WHAT THE TASK REQUIRES → Could you give back exactly the lines below from the one with "May include: Four" through the one with "An event space", without a single picture?

==== INPUT

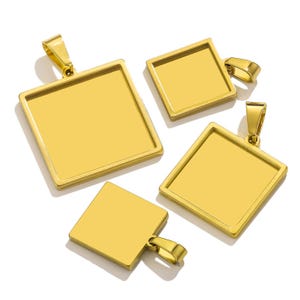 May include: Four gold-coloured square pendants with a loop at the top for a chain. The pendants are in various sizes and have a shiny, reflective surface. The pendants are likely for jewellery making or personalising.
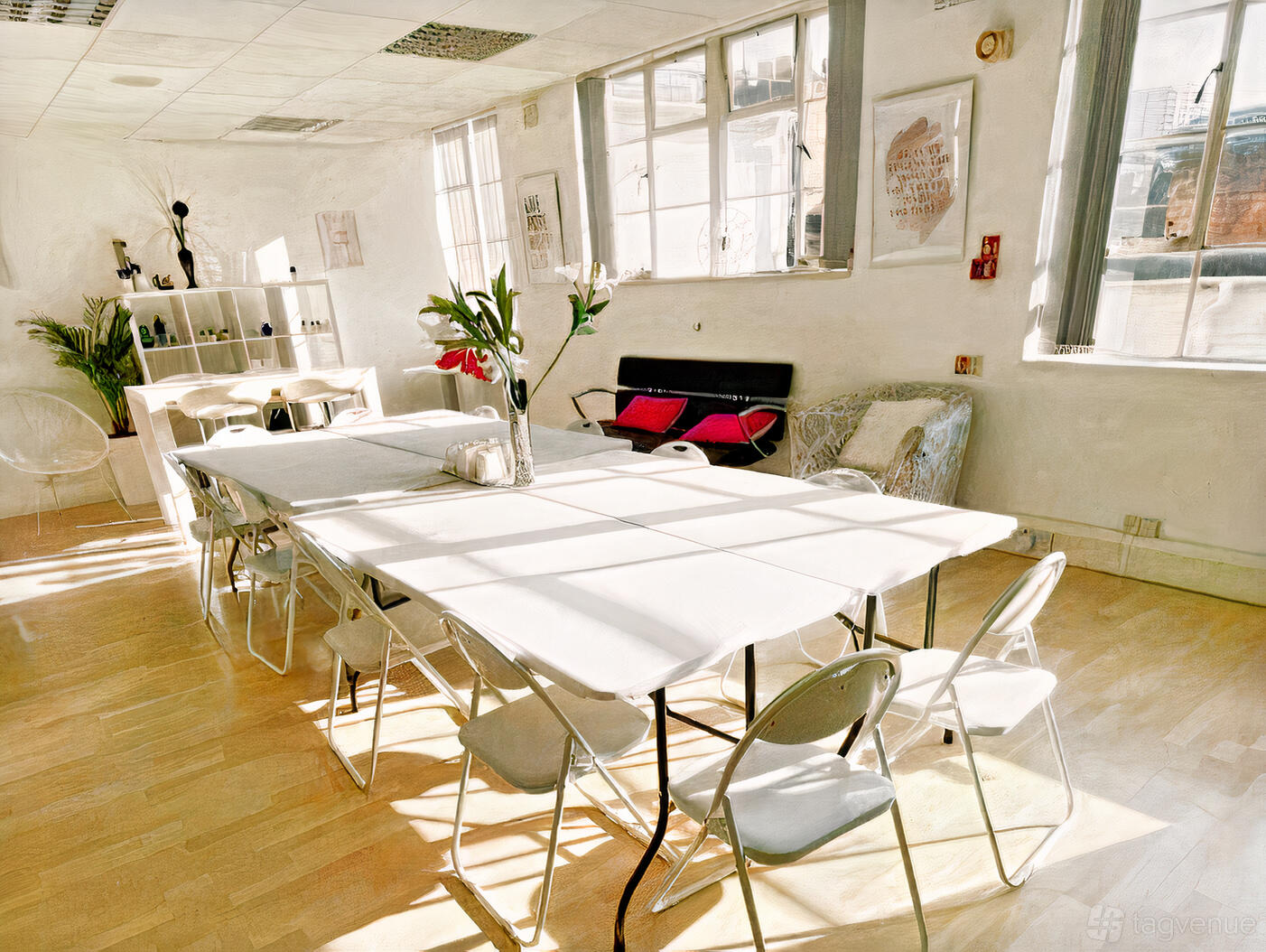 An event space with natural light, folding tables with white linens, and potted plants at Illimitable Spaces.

========
==== INPUT

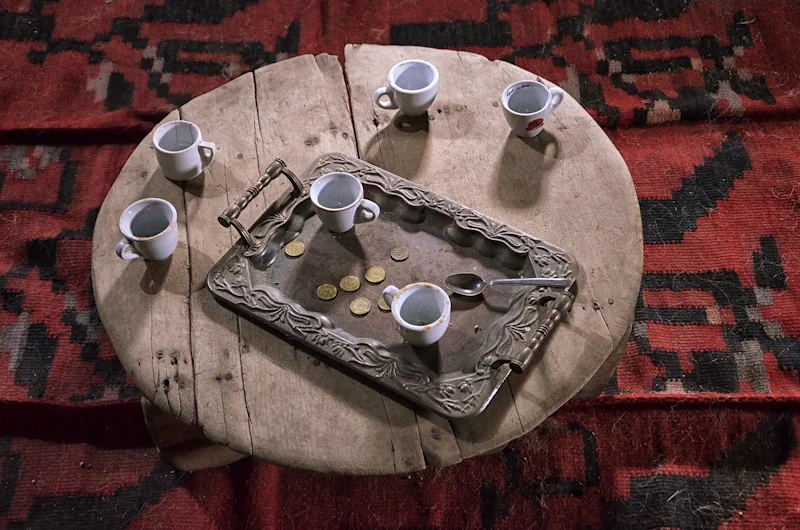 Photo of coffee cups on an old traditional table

========

THE COMPLETED TASK →
 May include: Four gold-coloured square pendants with a loop at the top for a chain. The pendants are in various sizes and have a shiny, reflective surface. The pendants are likely for jewellery making or personalising.
 An event space with natural light, folding tables with white linens, and potted plants at Illimitable Spaces.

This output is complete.